**Assignment**
Your reply should consist only of the lines from the one holding "1. Mukasi Perak || 26 cm" to the last line of the data below, written out exactly and without pictures.

**Dataset**

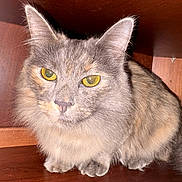 Dior joined the competition — help win amazing prizes! cat, feline, animal, pet, fluffy, gray, yellow_eyes, indoor, wooden_cabinet, curious, cute, whiskers, ears, fur, close_up, sitting, domestic, portrait, cozy, hiding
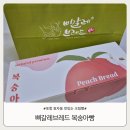 삐갈레 | 포항 효자동 선물하기 좋은 삐갈레브레드 복숭아빵 후기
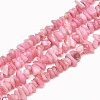 Freshwater Shell Beads Strands SHEL-S270-05-1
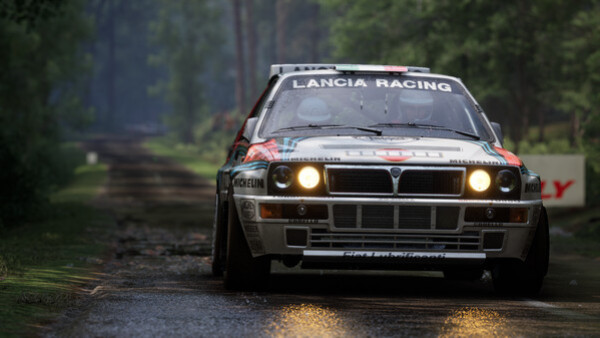 Игра Assetto Corsa Rally, скриншот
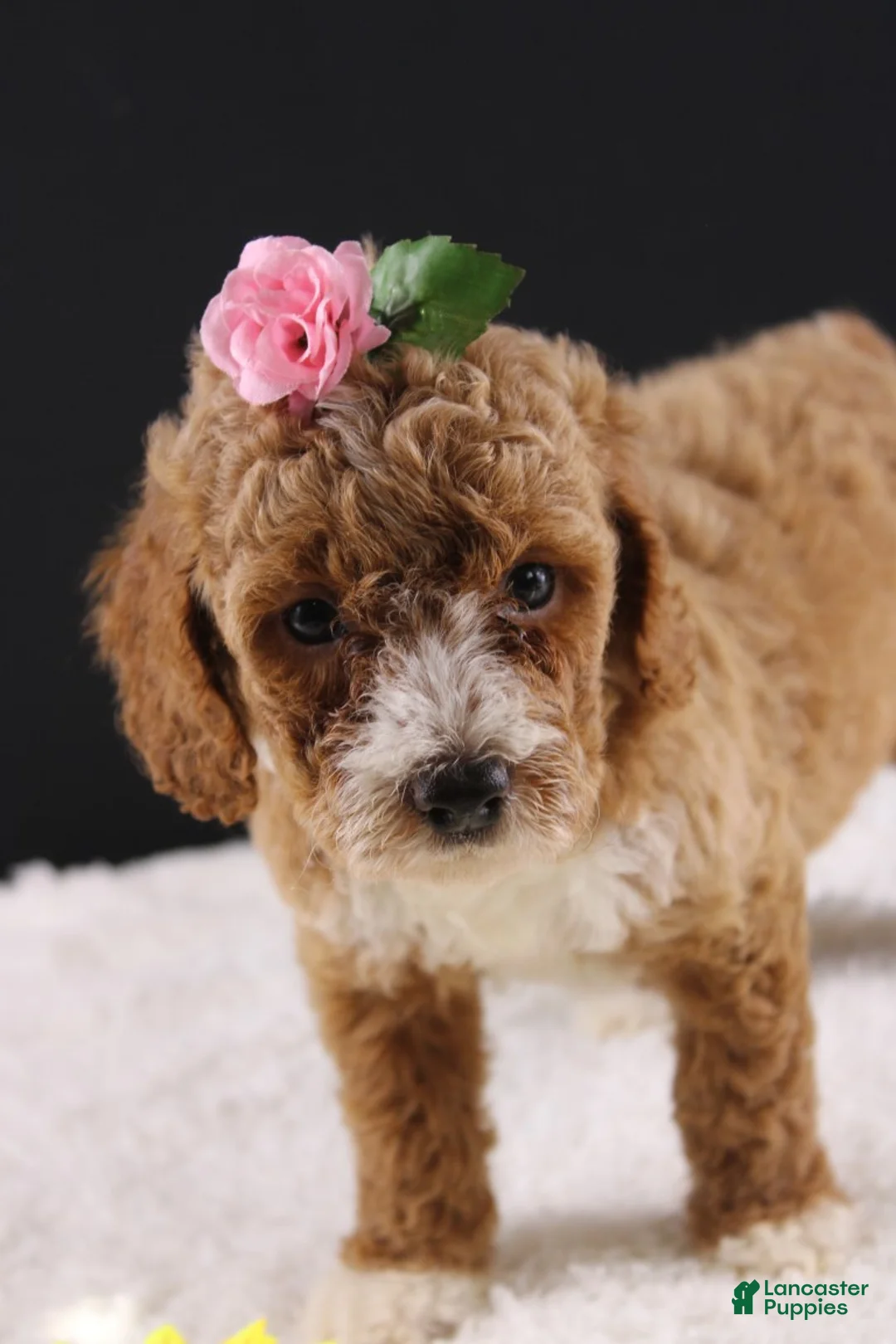 Mini Goldendoodle dogs for sale: Daisy - Ad 1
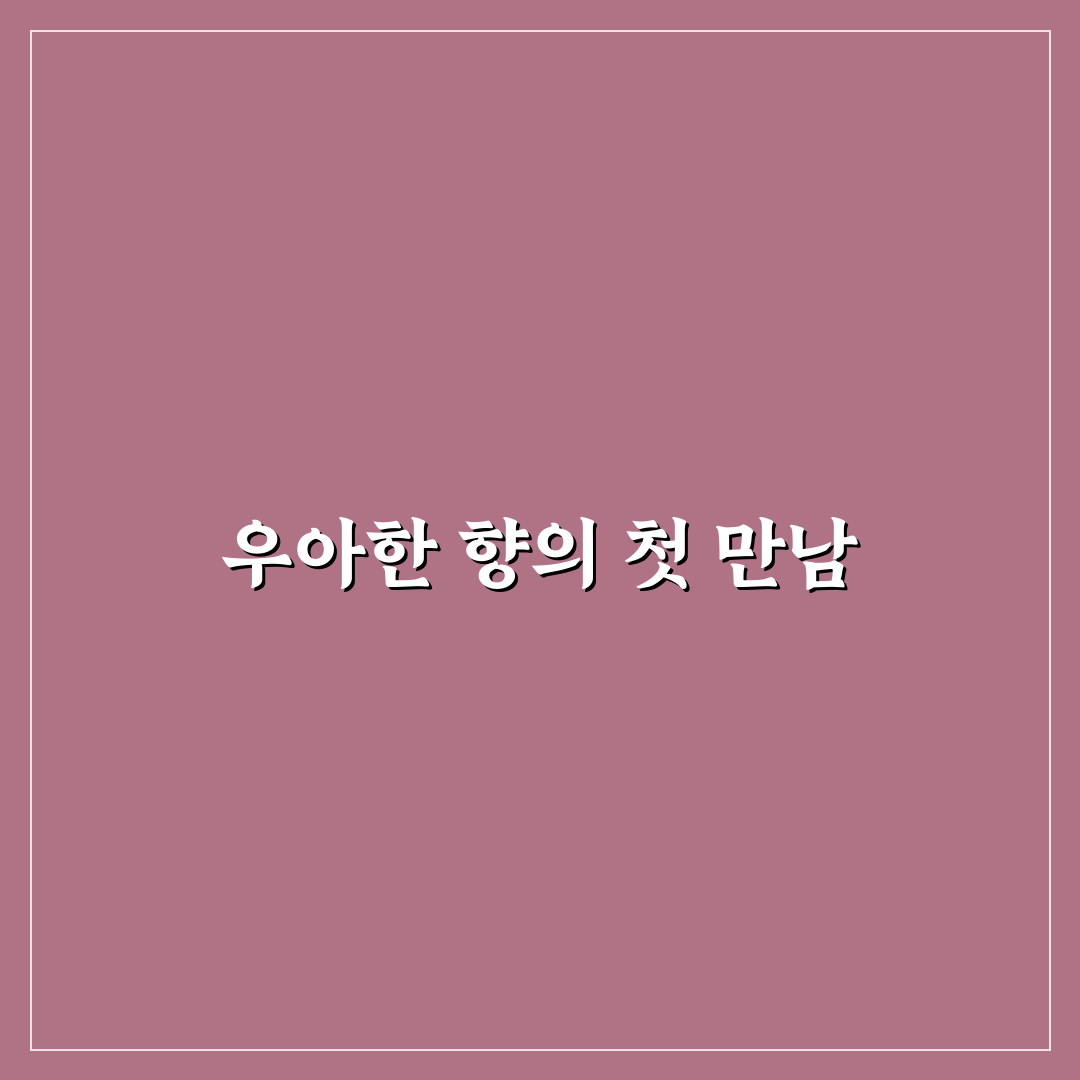 스카치 블루 30년산 가격, 직접 알아보니 적정한 수준인가요?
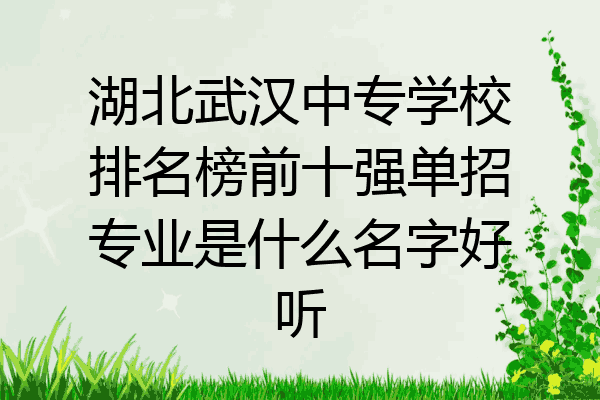 湖北武汉中专学校排名榜前十强单招专业是什么名字好听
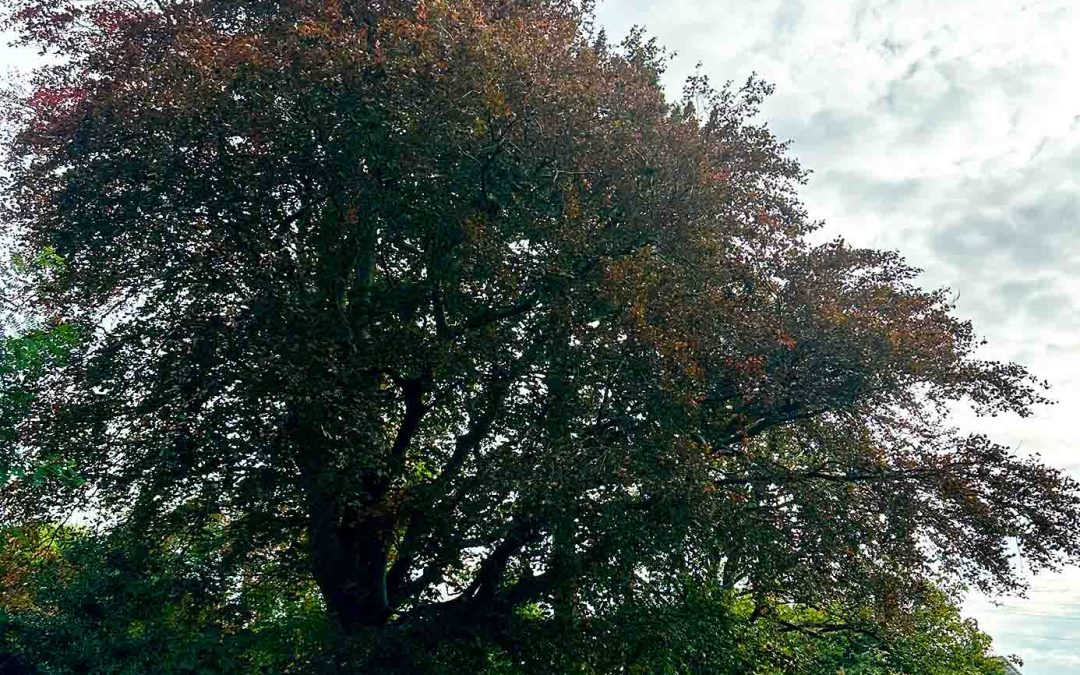 Beech tree in an urban environment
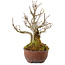 Acer buergerianum, 16 cm, ± 20 anni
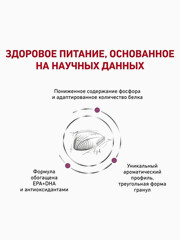 Миниатюра-1
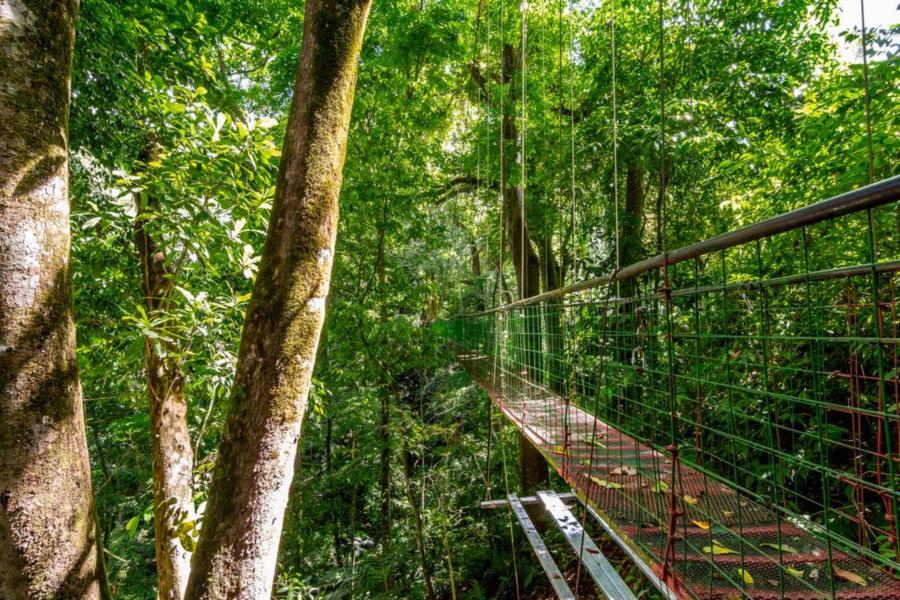 Resort Lapas Jungle Village 3*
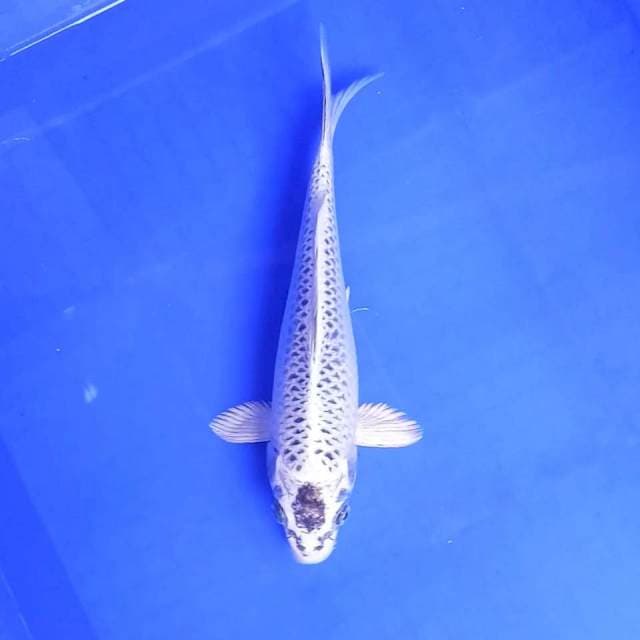 1. Mukasi Perak || 26 cm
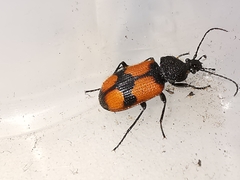 Panagaeus cruxmajor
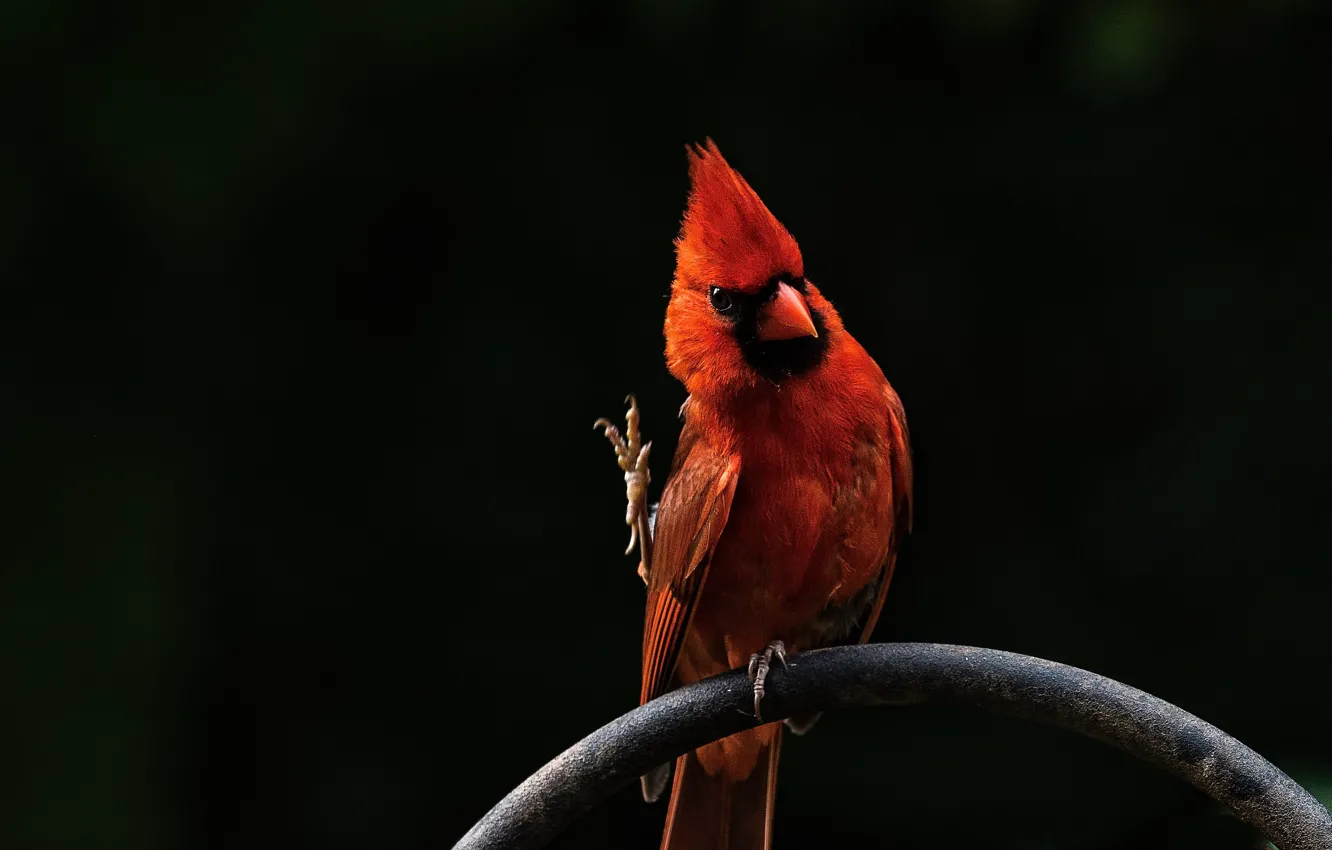 Photo wallpaper red, bird, red, bird, cardinal, Angry Birds, Cardinal, angry birds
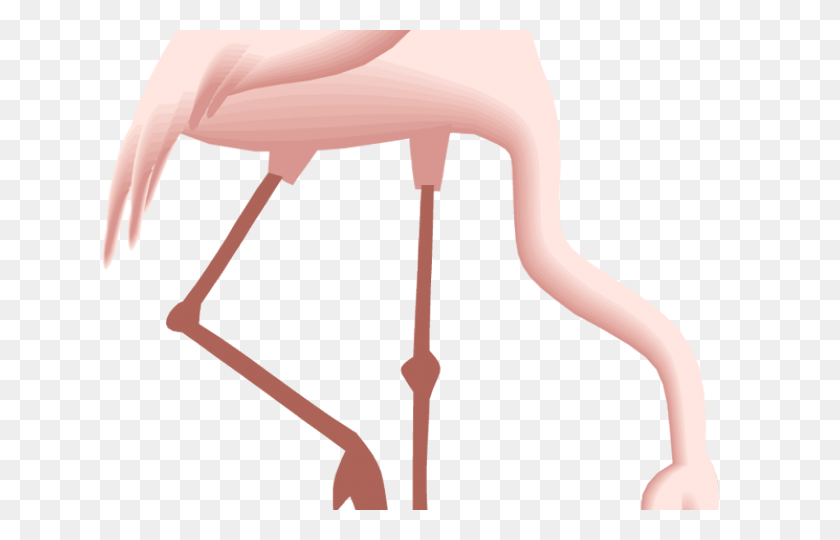 640x480 Flamingo Clipart Pretty In Pink - Flamingo Clipart PNG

**Answer to this problem**
 1. Mukasi Perak || 26 cm
 Panagaeus cruxmajor
 Photo wallpaper red, bird, red, bird, cardinal, Angry Birds, Cardinal, angry birds
 640x480 Flamingo Clipart Pretty In Pink - Flamingo Clipart PNG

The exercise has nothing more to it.